Background Knowledge and Observations

Let’s begin with some basic knowledge to set the scene. I will frequently refer to terms and concepts from the works of Elizabeth Shown Mills, and also Thomas W. Jones, which I hope will be obvious enough that I don’t have to cite every single occurrence.

Expressed as succinctly as I can, information is semantic data (data with meaning), and a source is the someone, something, or somewhere from which the information was obtained. Citations are statements that identify such sources, and these are most commonly recognised as the sentences used in footnotes/endnotes. In truth, a footnote/endnote may contain multiple citation sentences, each referencing a distinct source, but we’ll ignore that here for simplicity. For the curious, an example may be found at Cite Seeing.

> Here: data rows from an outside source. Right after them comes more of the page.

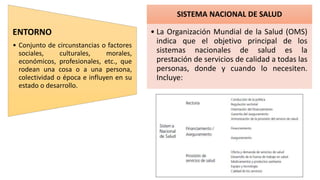 ENTORNO
• Conjunto de circunstancias o factores
sociales, culturales, morales,
económicos, profesionales, etc., que
rodean una cosa o a una persona,
colectividad o época e influyen en su
estado o desarrollo.
SISTEMA NACIONAL DE SALUD
• La Organización Mundial de la Salud (OMS)
indica que el objetivo principal de los
sistemas nacionales de salud es la
prestación de servicios de calidad a todas las
personas, donde y cuando lo necesiten.
Incluye:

A citation has a number of purposes: intellectual honesty (not claiming prior work as your own), allowing your sources to be independently assessed by the reader, and allowing the strength of your information sources to be assessed. To this end, there are a number of core principles to good citations: identification, description, and evaluation. The identification of the source is what existing software tends to focus on most, and it amounts to naming it and citing its location. If we include the location of the specific information within the source then these details are conveniently summarised as the five Ws: who, what, when, where-is, and where-in.

One of the most important mechanisms in a citation sentence is layers: the segments separated by semicolons that are used to describe the provenance of the source information, or of the source itself, and to provide analytical notes. When only one copy of a source exists, or when it is very rare with only a few copies existing, then citing the repository is the correct thing to do — this contrasts with widely published materials such as books and newspapers. When a source identifies the source of its own information then it is usually termed the source-of-the-source, and the corresponding layer would indicate this with a preceding “citing” or “the author cites”. However, provenance may have been determined by independent means, or there may be a mixture as in this example:

“Literary Miscellanea: Sketch of a Railway ‘Navvy’ ”, book extract, Bath Chronicle and Weekly Gazette (23 June 1859): p.6; citing: [Samuel Smiles,] The Story of the Life of George Stephenson [, Railway Engineer (London: John Murray, 1859)]; abridged by the author from the original and larger work: The Life of George Stephenson (1857).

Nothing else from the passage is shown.